The actual reason I saw this play twice was a) I liked it, but mostly b) I’m really interested in how stuff translates from big city mainstage to different stages on tour. This is something I thought I’d have a lot more to say about than I actually do. The Upstairs theatre at Belvoir and the IMB theatre at IPAC are fundamentally very different spaces – if nothing else, they’re totally different shapes – but this play translated beautifully. I think the cast did take a little while to adjust to the massive IMB theatre: it’s so big that the jokes seem to take more time to reach the back, and the timing at the beginning in the Wollongong performance was a little uneasy compared to when I saw it in Sydney. Their adjustment was swift, however, and the third act was sidesplittingly hilarious, even the second time round. Both Tobies, Schmitz and Truslove, are real standouts. Schmitz’s dry, sardonic delivery is perfect for Elyot’s witticisms; and Truslove is a total comic natural.

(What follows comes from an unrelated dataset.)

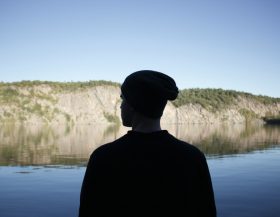 Man-meer-berg_unsplash Man-meer-berg_unsplash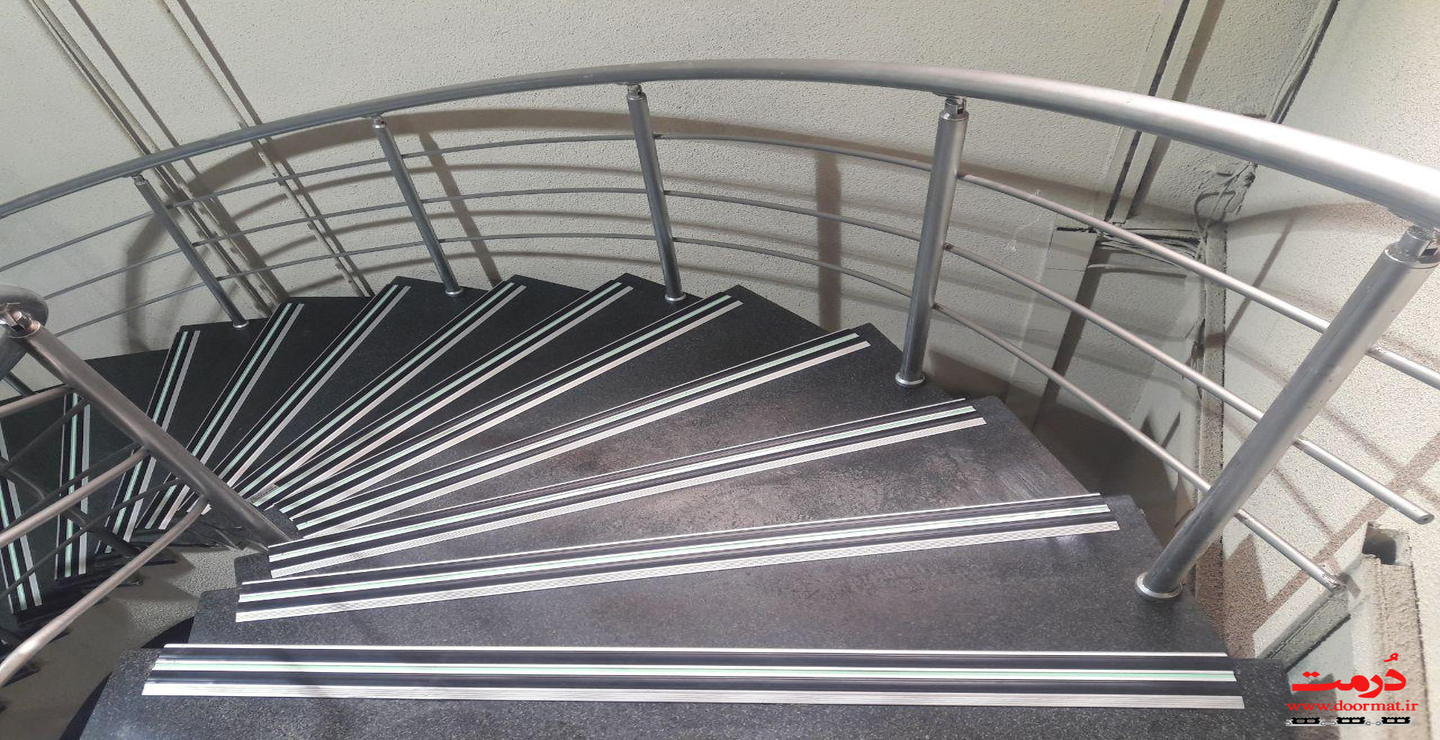 بهبود ایمنی پله با نصب ترمزهای پله: راهکارهایی برای جلوگیری از لغزش و سر خوردن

This has all been a very long-winded and nerdy way of saying that I really like this play. It made me think a lot more than I was expecting it to – it’s not often I come out of a comedy and smash out 500 words on the Theory of Love™. I definitely think it could make some people very uncomfortable and should maybe come with a trigger warning, but it really is wonderfully performed and absolutely desperately funny. I’m not entirely sure why everyone was spending so much time hanging out in what appeared to be the hotel corridor, but you should go along and see it and work it out for yourself. If nothing else, it totally wins the award for Best Use Of Phil Collins On The Stage Ever!